To add such constraints, we need to use the Constraints Definition component. We will select the facility-demand point pairs that belong to different counties by typing the following in the Where component:

  • group_id != county_name_joined_joined

Next, connect the Constraints Definition component through the `Forbidden` relationships input channel and select Consider forbidden facility-demand point pairs.

Lastly, connect it also to the Location Allocation component and specify the following requirements:

  • Use ‘Minimize total cost’ as the optimization strategy, including required facilities. This ensures that we reallocate assignments in current facilities while opening new facilities that help maintain all cell towers to cover increasing demand.

  • Include the costs associated with opening candidate facilities to ensure minimum total spending.

  • Limit the number of facilities to open per country (group) to 4. Since 3 facilities are already operating in each county, at most 1 additional facility can be opened.
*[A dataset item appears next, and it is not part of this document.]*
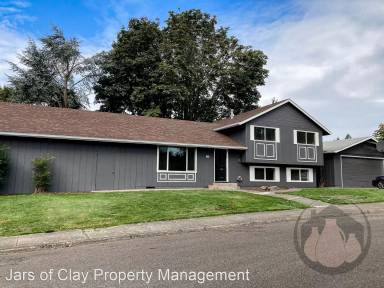 Main picture of 4783 19th Pl NE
  • Include capacity constraints to ensure that each open facility meets demand without exceeding its maximum capacity limits.

  • Select the ‘Use required/forbidden assignments‘ option to consider the compatibility constraints previously defined.

In this case, facilities are placed closer to dense demand clusters (shown in pink in the map below), reducing overall travel distances between demand points and their assigned facilities. Required facilities remain active, while additional candidate sites are selected to balance the workload without exceeding capacity limits. Actually, 90% of the capacity is being utilized.

Together, these two applications of Location Allocation—minimizing costs for periodic maintenance and maximizing coverage for emergency response—help network operators balance efficiency with resilience, keeping their infrastructure reliable under both normal and unexpected conditions.